The answer should hold only the lines from the one containing "Gugatan Pemohon Tidak Dapat Diterima" through the one containing "Audi A8 D3 Zbiornik" in the entries below, copied exactly, without pictures.

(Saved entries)
* * * *
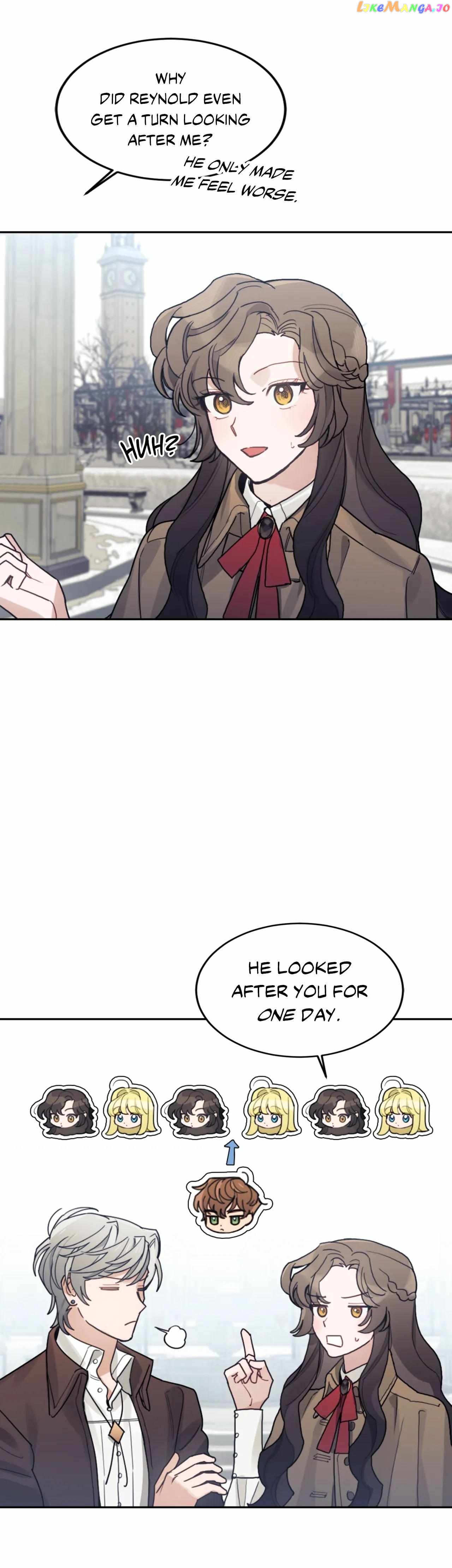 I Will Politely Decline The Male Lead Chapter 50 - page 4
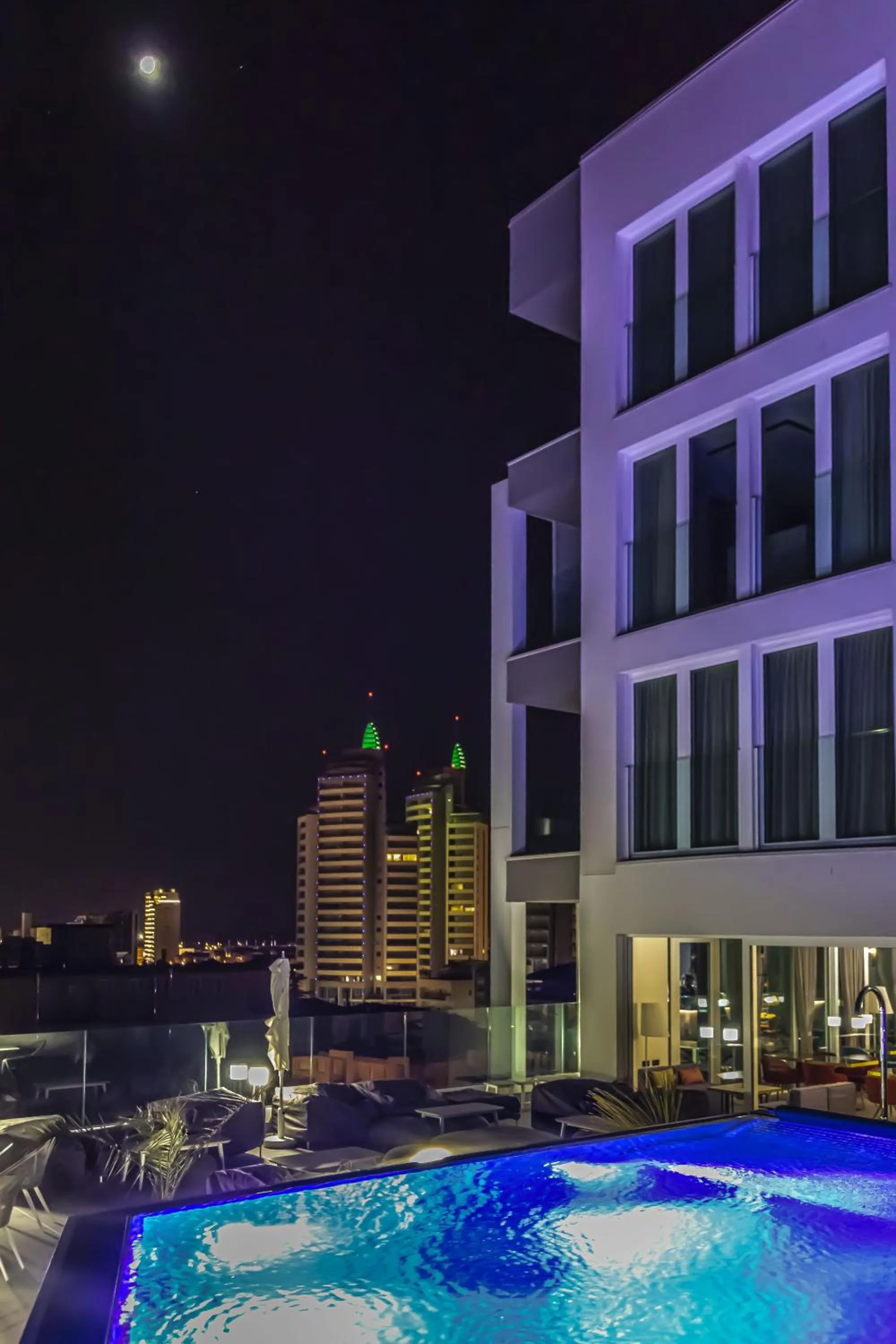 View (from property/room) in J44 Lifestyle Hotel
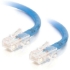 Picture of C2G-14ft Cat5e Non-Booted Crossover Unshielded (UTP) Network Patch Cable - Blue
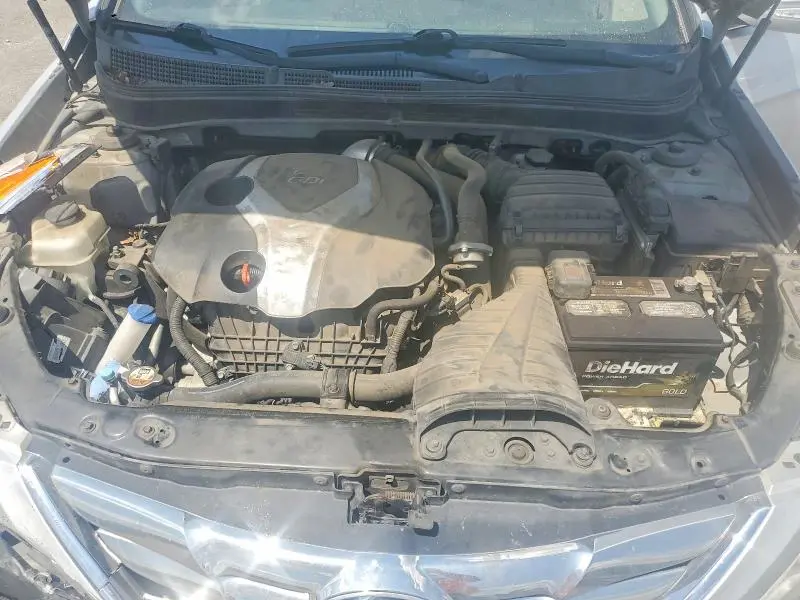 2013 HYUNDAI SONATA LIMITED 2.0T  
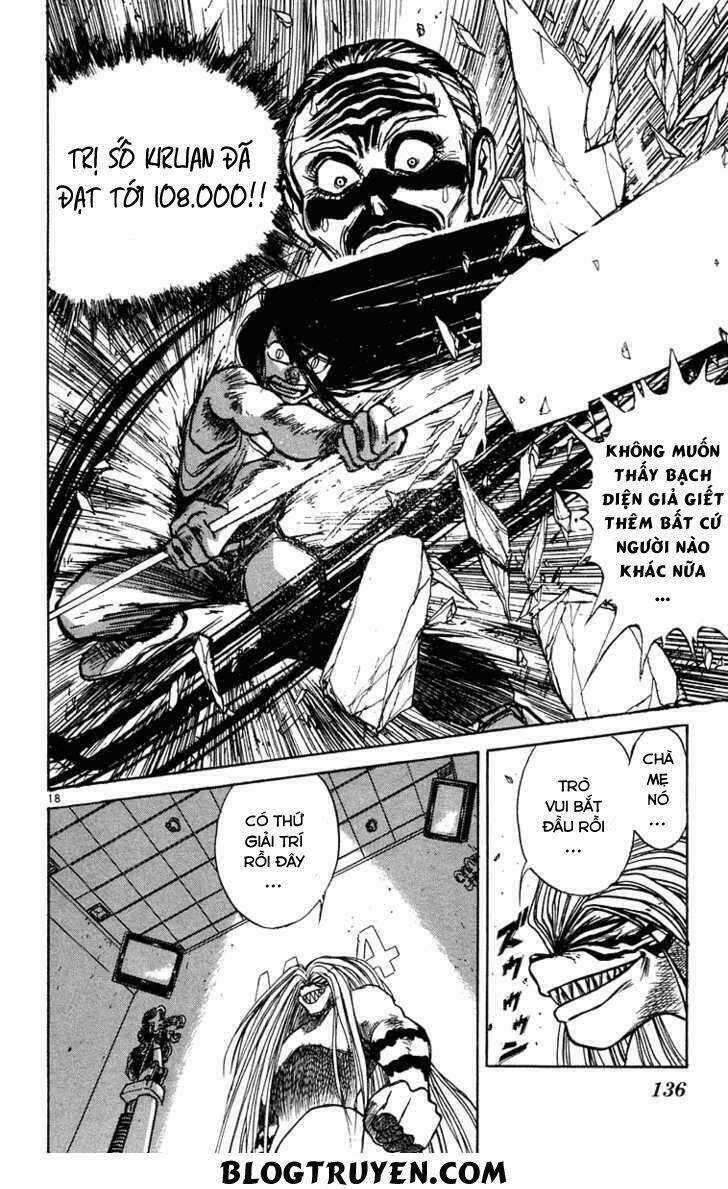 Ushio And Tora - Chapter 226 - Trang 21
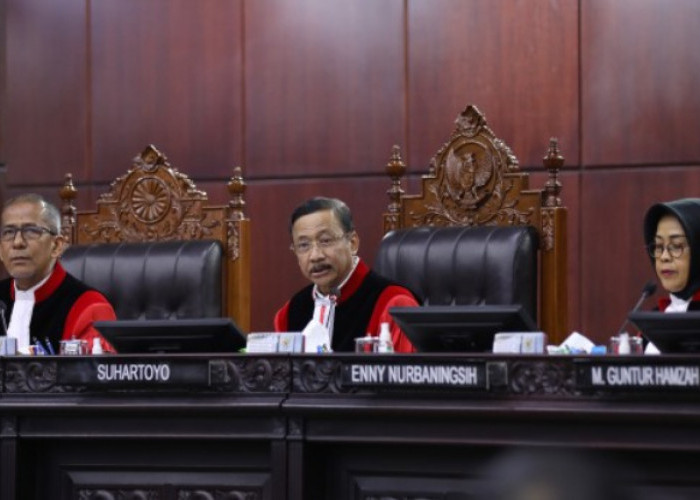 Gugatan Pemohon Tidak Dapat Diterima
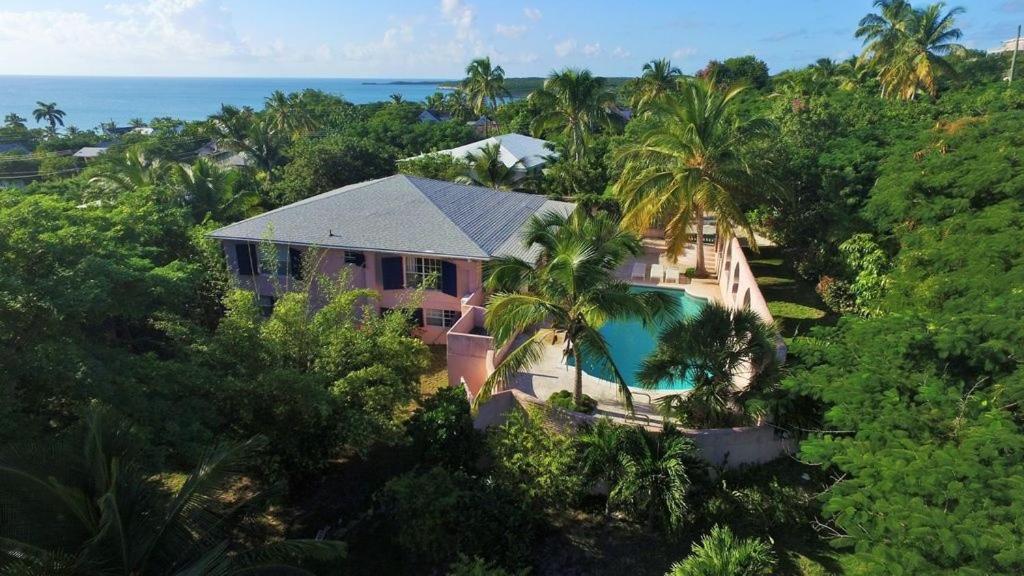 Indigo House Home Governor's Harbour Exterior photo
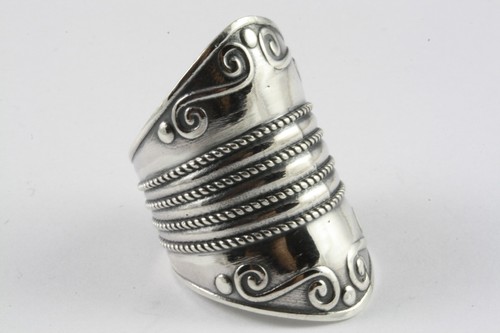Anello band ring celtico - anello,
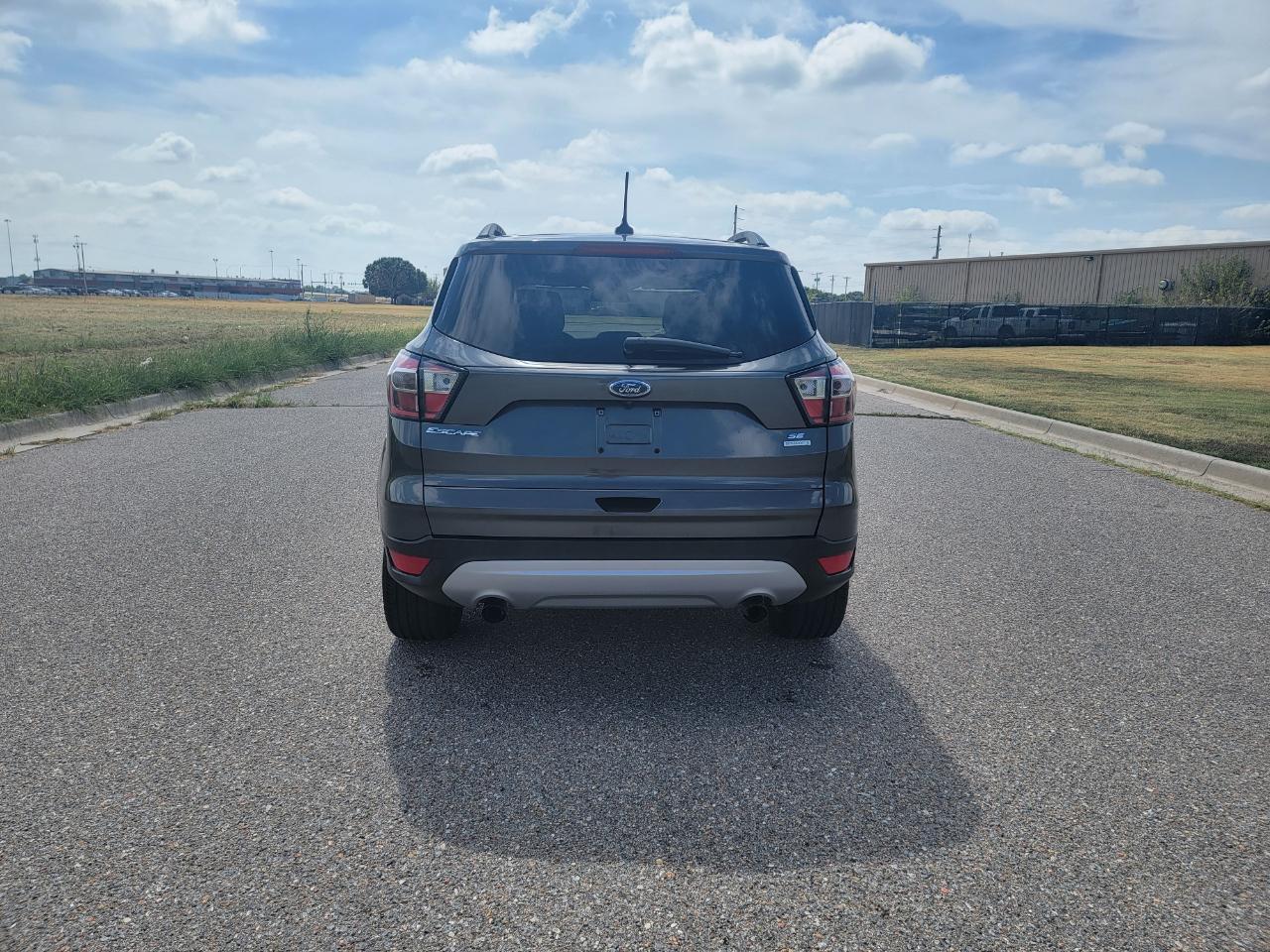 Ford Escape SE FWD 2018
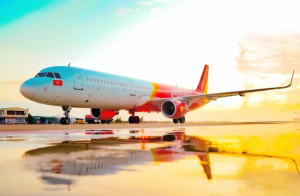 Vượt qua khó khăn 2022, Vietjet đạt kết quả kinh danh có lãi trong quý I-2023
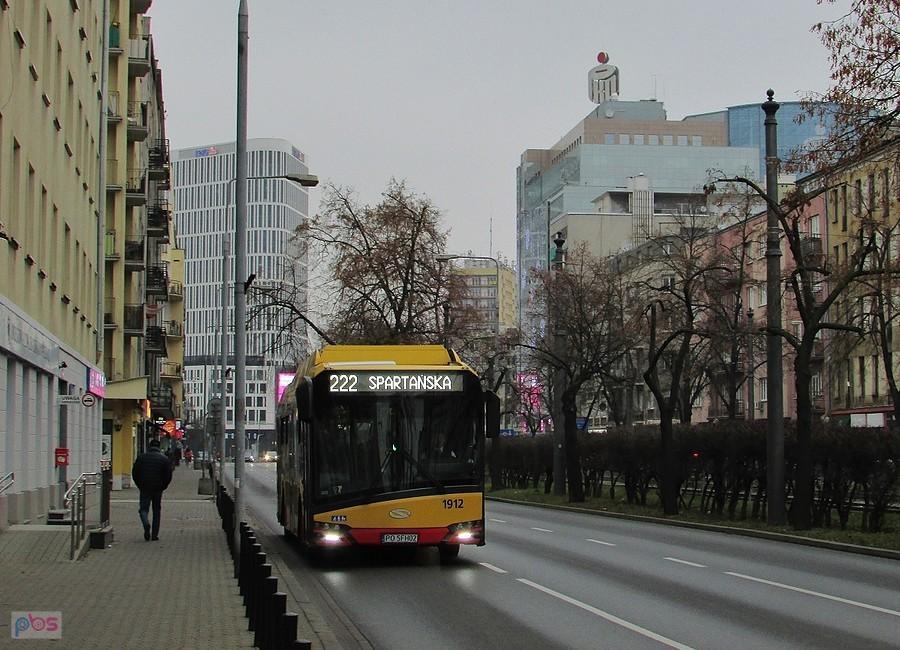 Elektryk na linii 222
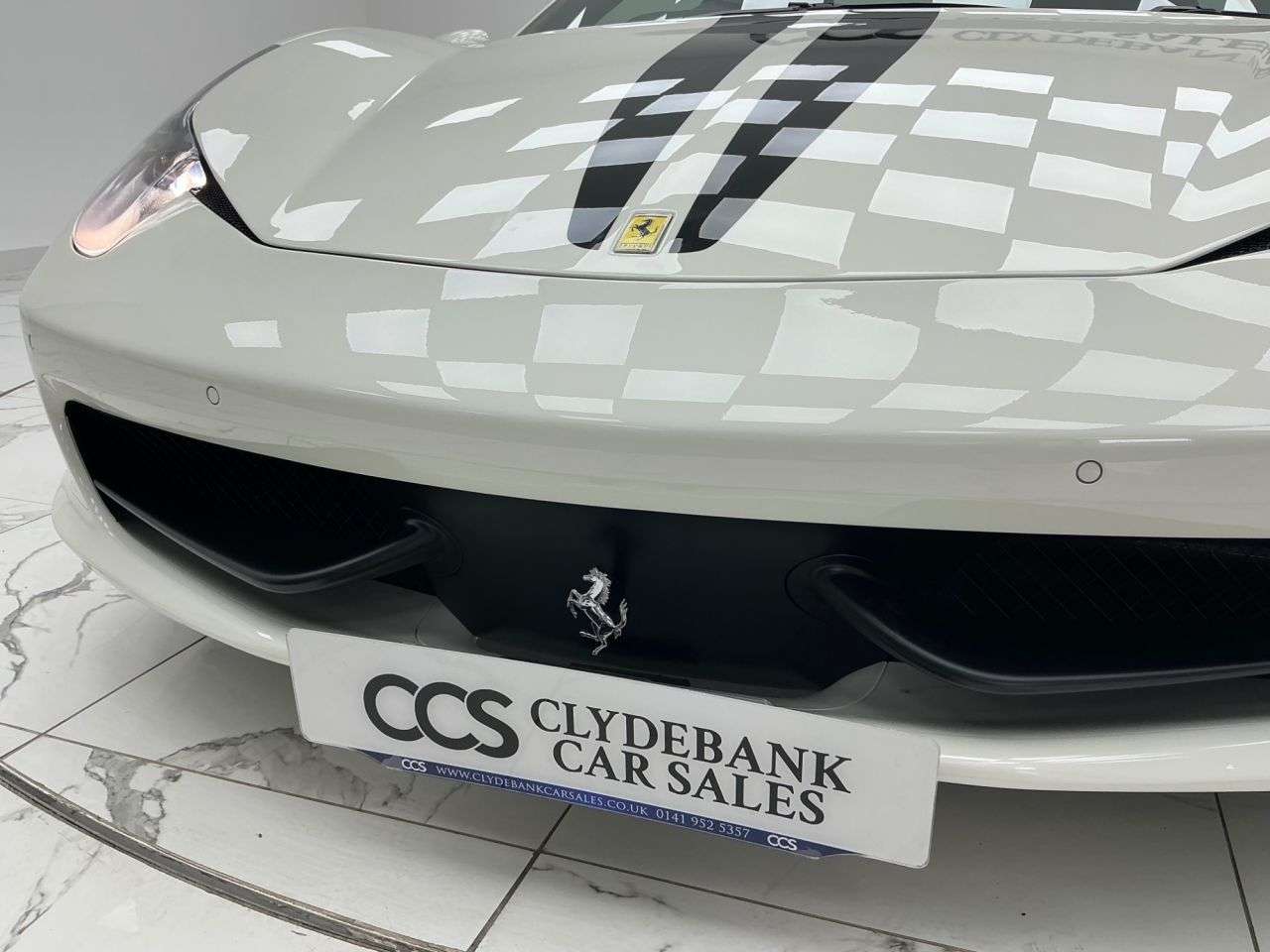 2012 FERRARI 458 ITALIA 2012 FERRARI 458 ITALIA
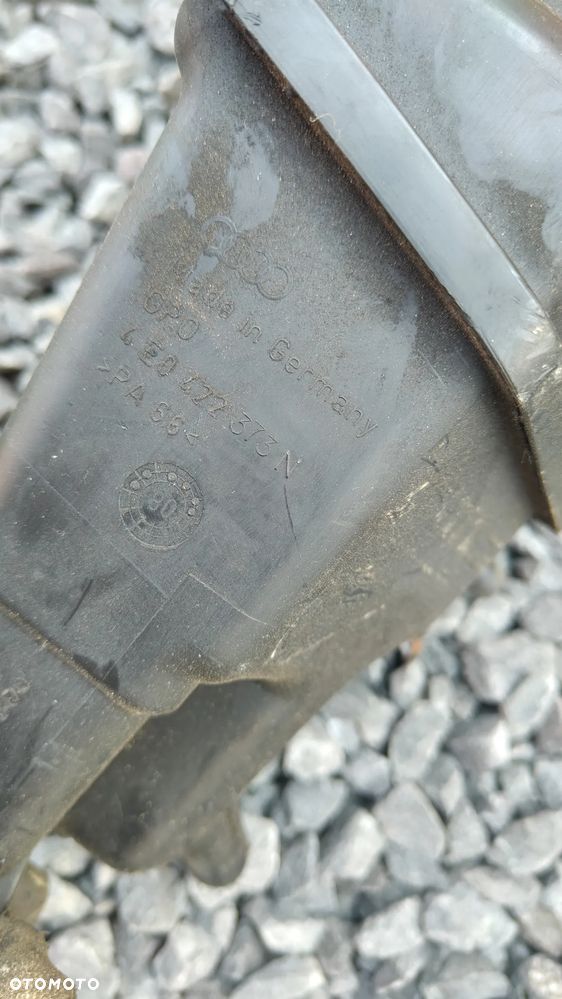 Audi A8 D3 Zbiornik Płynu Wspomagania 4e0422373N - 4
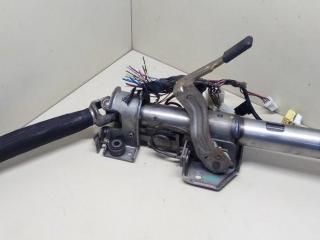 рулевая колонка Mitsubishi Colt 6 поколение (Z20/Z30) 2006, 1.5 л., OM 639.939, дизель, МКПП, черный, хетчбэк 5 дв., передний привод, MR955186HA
* * * *
◆ Reply ◆
 Gugatan Pemohon Tidak Dapat Diterima
 Indigo House Home Governor's Harbour Exterior photo
Anello band ring celtico - anello,
 Ford Escape SE FWD 2018
 Vượt qua khó khăn 2022, Vietjet đạt kết quả kinh danh có lãi trong quý I-2023
 Elektryk na linii 222
 2012 FERRARI 458 ITALIA 2012 FERRARI 458 ITALIA
 Audi A8 D3 Zbiornik Płynu Wspomagania 4e0422373N - 4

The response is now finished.